# Fall Protection is for wimps



## Bob Badger (Apr 19, 2009)

Check this old dude out from England.

Balls of steel.






There are a bunch more videos of him at work.


----------



## JohnR (Apr 12, 2010)

That guy is whacked.


----------



## wildleg (Apr 12, 2009)

teacher: what does your daddy do ?

kid: my daddy get's really high at work every day, and I like to watch.


----------



## Bob Badger (Apr 19, 2009)

He has a few pints before he climbs. :jester:


----------



## wildleg (Apr 12, 2009)

I'd like to see the videos of the guys rigging all the ladders up.


----------



## Bob Badger (Apr 19, 2009)

wildleg said:


> I'd like to see the videos of the guys rigging all the ladders up.

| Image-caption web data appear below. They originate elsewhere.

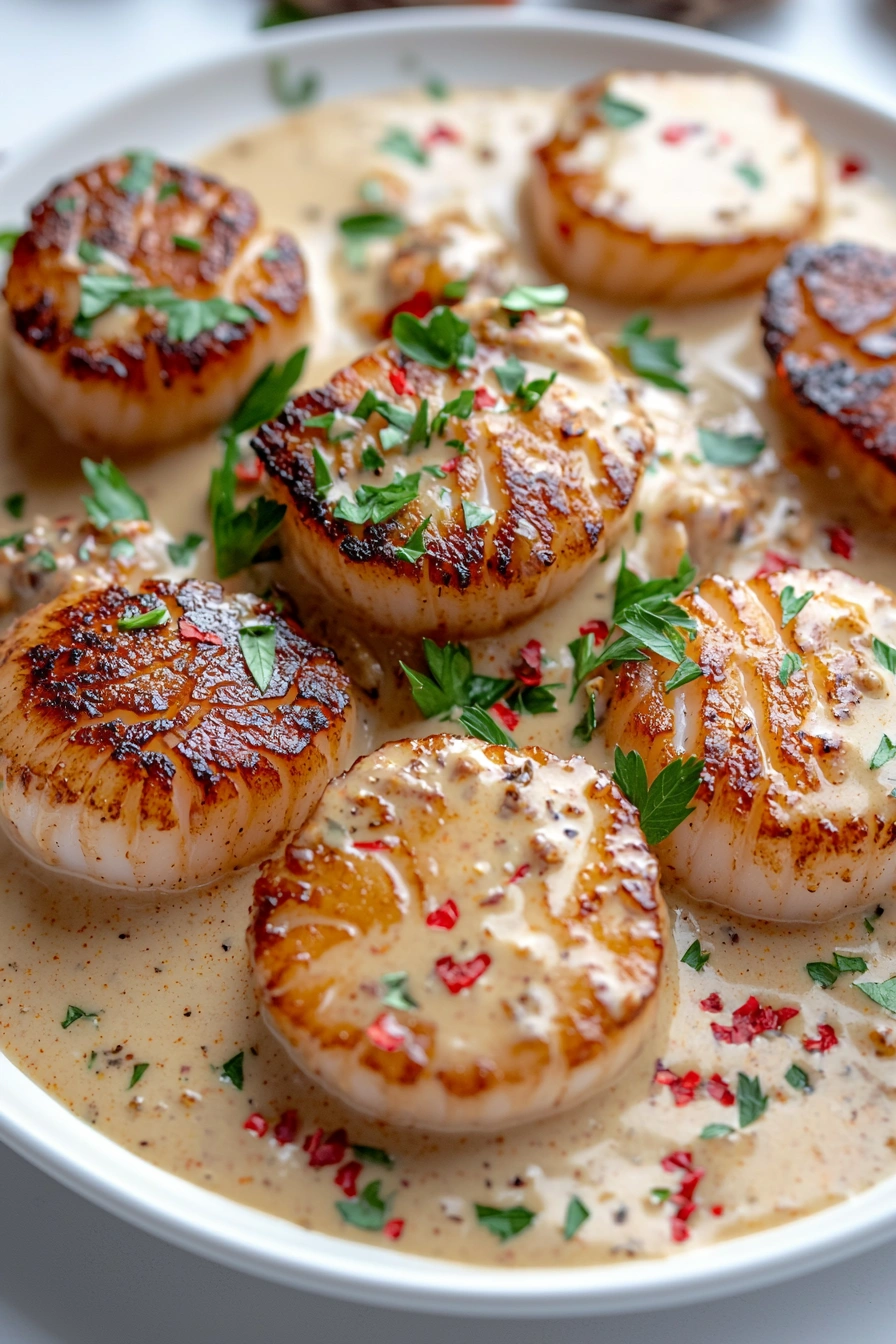Seared Scallops with Spicy Cajun Cream Sauce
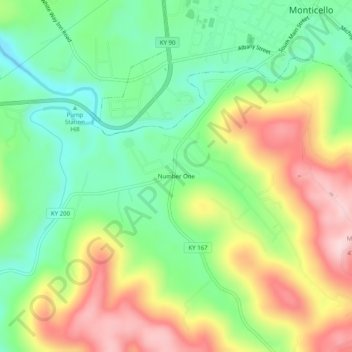 Carte topographique Number One, altitude, relief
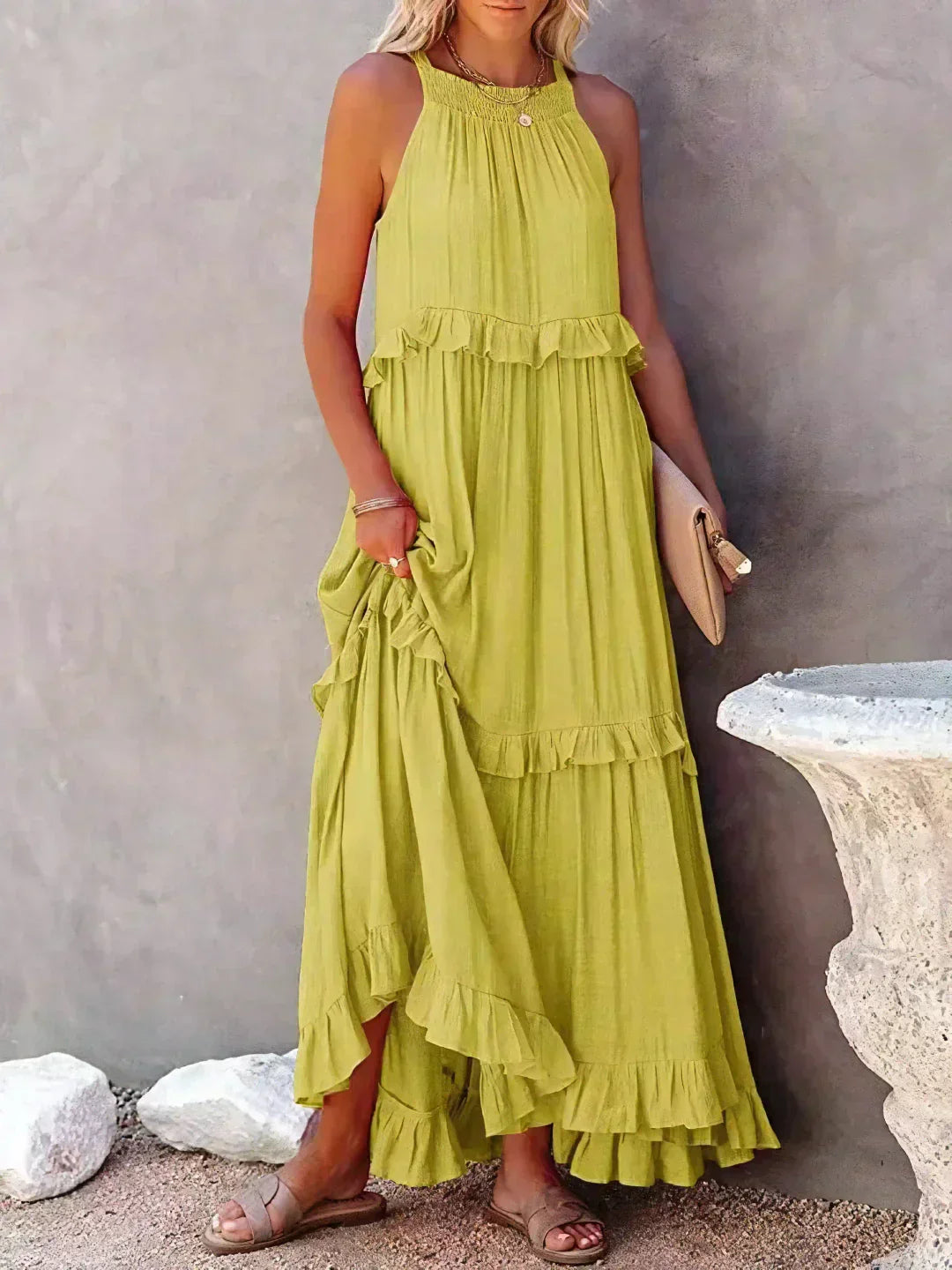 Maxi jurk met ruches | Halterhals | Mouwloos | Soepelvallende Jurk | Maxi Zondress-Hallo Susanne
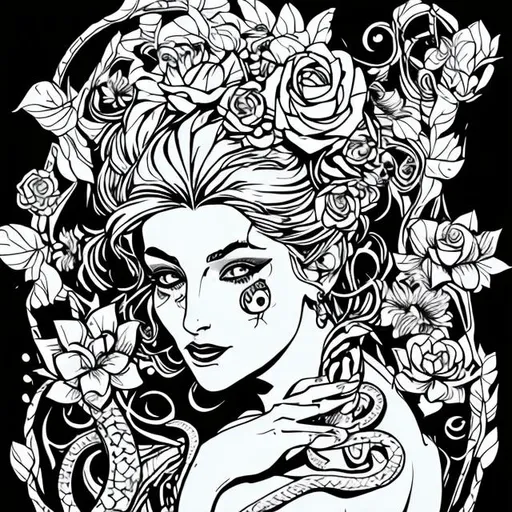 Prompt: Pretty woman with snakes for hair and flowers line art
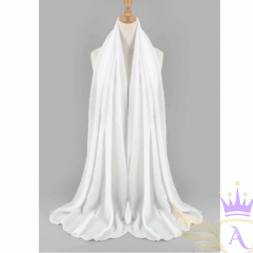 Elegant white scarf displayed on mannequin with draped fabric.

Me too, I could not find that, but there is a video showing him building the scaffolding with only him at the top.


----------



## 480sparky (Sep 20, 2007)

So......... anybody can just walk up to the base, start climbing, and fly whatever flag they happen to fancy? 










I wonder if I took a trip to the loo before he starts off.


----------



## TOOL_5150 (Aug 27, 2007)

480sparky said:


> I wonder if I took a trip to the loo before he starts off.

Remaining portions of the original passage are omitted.